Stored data
■ ■ ■ ■ ■ ■ ■

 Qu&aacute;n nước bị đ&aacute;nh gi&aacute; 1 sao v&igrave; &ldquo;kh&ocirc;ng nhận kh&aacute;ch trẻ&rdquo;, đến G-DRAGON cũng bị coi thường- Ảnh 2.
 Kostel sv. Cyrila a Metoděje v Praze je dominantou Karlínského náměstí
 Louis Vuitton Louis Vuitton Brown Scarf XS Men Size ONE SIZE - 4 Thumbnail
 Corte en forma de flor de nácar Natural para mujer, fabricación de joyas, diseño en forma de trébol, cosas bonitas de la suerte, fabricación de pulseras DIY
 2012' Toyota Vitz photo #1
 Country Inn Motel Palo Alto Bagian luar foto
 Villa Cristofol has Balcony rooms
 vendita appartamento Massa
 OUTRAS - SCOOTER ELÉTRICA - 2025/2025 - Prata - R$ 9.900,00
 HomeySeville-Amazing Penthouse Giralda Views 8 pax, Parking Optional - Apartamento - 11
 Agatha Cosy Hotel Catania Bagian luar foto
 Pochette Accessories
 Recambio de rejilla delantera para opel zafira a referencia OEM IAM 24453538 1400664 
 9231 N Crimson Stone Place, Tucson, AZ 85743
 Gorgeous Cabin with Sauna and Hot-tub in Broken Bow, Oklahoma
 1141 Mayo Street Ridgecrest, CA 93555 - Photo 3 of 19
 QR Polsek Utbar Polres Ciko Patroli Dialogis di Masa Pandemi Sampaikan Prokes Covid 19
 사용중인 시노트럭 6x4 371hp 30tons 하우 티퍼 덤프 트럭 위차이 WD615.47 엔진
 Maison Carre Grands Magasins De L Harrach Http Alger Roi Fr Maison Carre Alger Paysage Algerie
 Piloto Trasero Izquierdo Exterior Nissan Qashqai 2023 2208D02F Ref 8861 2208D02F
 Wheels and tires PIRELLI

■ ■ ■ ■ ■ ■ ■

Every entry is to be copied exactly, with none omitted.

Response area:
 Qu&aacute;n nước bị đ&aacute;nh gi&aacute; 1 sao v&igrave; &ldquo;kh&ocirc;ng nhận kh&aacute;ch trẻ&rdquo;, đến G-DRAGON cũng bị coi thường- Ảnh 2.
 Kostel sv. Cyrila a Metoděje v Praze je dominantou Karlínského náměstí
 Louis Vuitton Louis Vuitton Brown Scarf XS Men Size ONE SIZE - 4 Thumbnail
 Corte en forma de flor de nácar Natural para mujer, fabricación de joyas, diseño en forma de trébol, cosas bonitas de la suerte, fabricación de pulseras DIY
 2012' Toyota Vitz photo #1
 Country Inn Motel Palo Alto Bagian luar foto
 Villa Cristofol has Balcony rooms
 vendita appartamento Massa
 OUTRAS - SCOOTER ELÉTRICA - 2025/2025 - Prata - R$ 9.900,00
 HomeySeville-Amazing Penthouse Giralda Views 8 pax, Parking Optional - Apartamento - 11
 Agatha Cosy Hotel Catania Bagian luar foto
 Pochette Accessories
 Recambio de rejilla delantera para opel zafira a referencia OEM IAM 24453538 1400664 
 9231 N Crimson Stone Place, Tucson, AZ 85743
 Gorgeous Cabin with Sauna and Hot-tub in Broken Bow, Oklahoma
 1141 Mayo Street Ridgecrest, CA 93555 - Photo 3 of 19
 QR Polsek Utbar Polres Ciko Patroli Dialogis di Masa Pandemi Sampaikan Prokes Covid 19
 사용중인 시노트럭 6x4 371hp 30tons 하우 티퍼 덤프 트럭 위차이 WD615.47 엔진
 Maison Carre Grands Magasins De L Harrach Http Alger Roi Fr Maison Carre Alger Paysage Algerie
 Piloto Trasero Izquierdo Exterior Nissan Qashqai 2023 2208D02F Ref 8861 2208D02F
 Wheels and tires PIRELLI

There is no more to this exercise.